JAKARTA, KOMPAS – Umat Islam diharapkan mampu menahan diri dan tidak tersulut provokasi terkait insiden pembakaran bendera hitam bertuliskan lafal tauhid pada perayaan Hari Santri di Garut, Jawa Barat, Senin (22/10/2018). Menteri Koordinator Politik Hukum dan Keamanan Wiranto menegaskan, bendera yang dibakar oknum Barisan Ansor Serbaguna (Banser) Nahdlatul Ulama merupakan milik organisasi terlarang, Hizbut Tahrir Indonesia atau HTI.
Usai melakukan rapat koordinasi terbatas yang dihadiri Kepala Polri Jenderal (Pol) Tito Karnavian, Jaksa Agung HM Prasetyo, serta perwakilan kementerian, lembaga, dan organisasi keagamaan terkait, Selasa (23/10/2018), di kantor Kementerian Menkopolhukam, Jakarta, Wiranto menekankan, pembakaran dilakukan sejumlah oknum Banser NU karena penggunaan kalimat tauhid dalam bendera HTI.
Tidak hanya di Garut, tambah Wiranto, pada acara Hari Santri di sejumlah wilayah lain juga ditemukan kehadiran bendera HTI dalam acara itu, tetapi mampu terlebih dahulu diamankan dengan tertib. Atas dasar itu, ia meminta semua pihak untuk tetap tenang dan tidak terpengaruh berbagai informasi provokatif.
“Untuk memperjelas masalah ini, klarifikasi dan pendalaman dilakukan Polri dan Kejaksaan Agung untuk menentukan penanganan selanjutnya berdasarkan peraturan perundang-undangan,” ujar Wiranto.
Lebih lanjut, ia juga telah berkomunikasi dengan Pengurus Besar Nahdlatul Ulama (PBNU) dan Majelis Ulama Indonesia (MUI) mengenai insiden itu. PBNU, lanjut Wiranto, menyesalkan pembakaran itu menimbulkan kesalahpahaman, padahal cara itu dilakukan untuk membersihkan pemanfaatan kalimat tauhid oleh HTI yang telah dilarang di Indonesia.
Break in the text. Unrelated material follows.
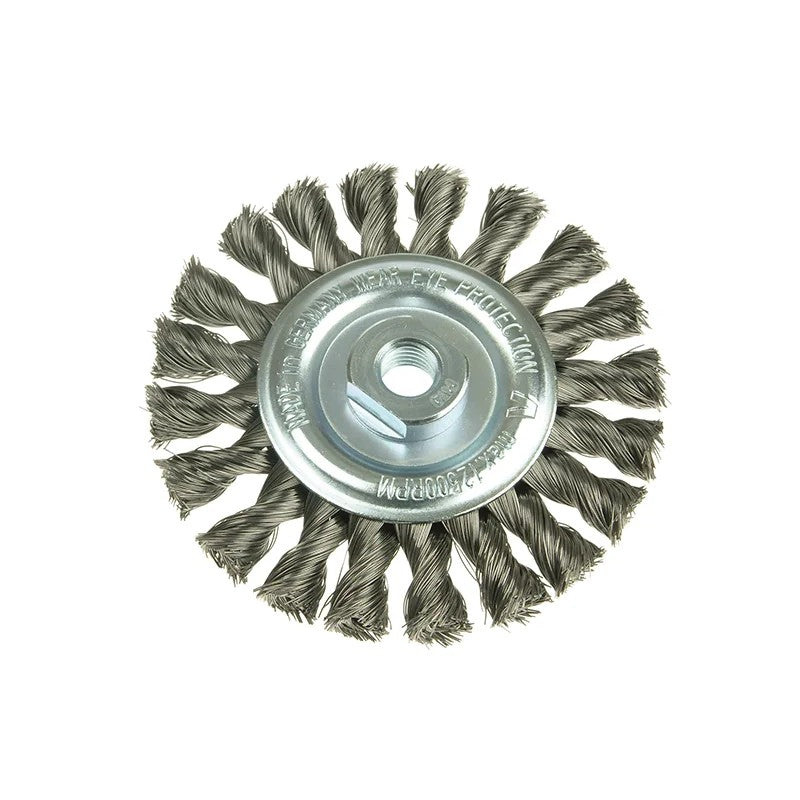 Lessmann Knot Wheel Brush 115 x 14mm M14 Bore, 0.50 Steel Wire - 472.217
Wiranto menekankan, sebagai organisasi keislamanan tidak mungkin Banser NU dengan sengaja membakar kalimat tauhid.
“Oleh karena itu, siapapun dan pihak manapun yang mencoba memanfaatkan situasi ini untuk hal negatif yang menganggu ketenangan masyarakat sama dengan telah mengkhianati pengorbanan para pendahulu, terutama para santri dan ulama yang telah berkorban untuk Indonesia,” katanya.
Dihubungi terpisah, Ketua Umum Gerakan Pemuda Ansor Yaqut Cholil Qoumas menuturkan, Banser mendapat provokasi dari beberapa pihak yang berupaya memanfaatkan perayaan Hari Santri untuk menunjukkan eksistensi HTI. Penemuan bendera HTI yang berkalimat tauhid di upacara Hari Santri 2018, tambah Yaqut, ditemukan di lima kabupaten di Jawa Barat, yakni Garut, Bandung Barat, Tasiklamaya, Cianjur, dan Sumedang.
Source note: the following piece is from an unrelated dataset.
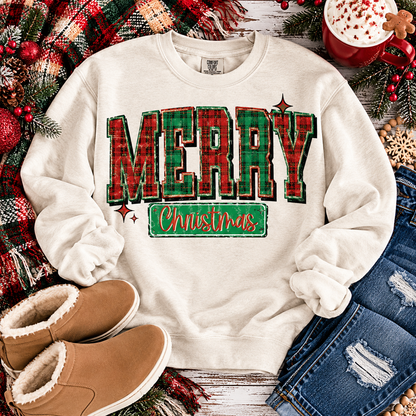 Merry Christmas Red Green Plaid Bold Retro Lettering (DTF)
“Di tempat lain, penyusup pembawa bendera dan bendera HTI itu langsung diserahkan dan dibawa pihak kepolisian. Tetapi, di Garut, teman-teman Banser berupaya mengamankan kesucian kalimat tauhid dengan membakarnya,” ujar Yaqut.
Proses hukum
Kepala Divisi Humas Polri Inspektur Jenderal Setyo Wasisto mengatakan, pihaknya telah memeriksa tiga saksi dari Banser NU yang muncul di video sebagai pembakar bendera itu. Sementara itu, tim kepolisian juga tengah mengejar pembawa bendera itu.
“Kami sudah mengetahui identitasnya. Ia (pembawa bendera) hadir dalam acara hari santri,” ujar Setyo.
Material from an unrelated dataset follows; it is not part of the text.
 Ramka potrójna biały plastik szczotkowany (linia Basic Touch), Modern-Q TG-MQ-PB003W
Sekretaris Jenderal MUI Anwar Abbas mengimbau kepada seluruh pimpinan organisasi keislamanan, tokoh agama, dan ulama untuk membantu mendinginkan suasana dan menciptakan kondisi yang lebih kondusif. Ia berharap seluruh pihak menyerahkan permasalahan itu pada proses hukum yang tengah ditangani Polri.
Selain itu, Anwar menyatakan, MUI meminta kepada pihak yang telah melakukan pembakaran bendera untuk meminta maaf dan mengakui kesalahan secara terbuka kepada umat Islam.
Terkait hal itu, Yaqut mengapresiasi MUI yang berupaya menjaga umat Islam agar tidak terjadi perpecahan. GP Ansor pun mendukung proses hukum yang dilakukan kepolisian. Akan tetapi, ia keberatan untuk memberikan permintaan maaf mengenai insiden itu.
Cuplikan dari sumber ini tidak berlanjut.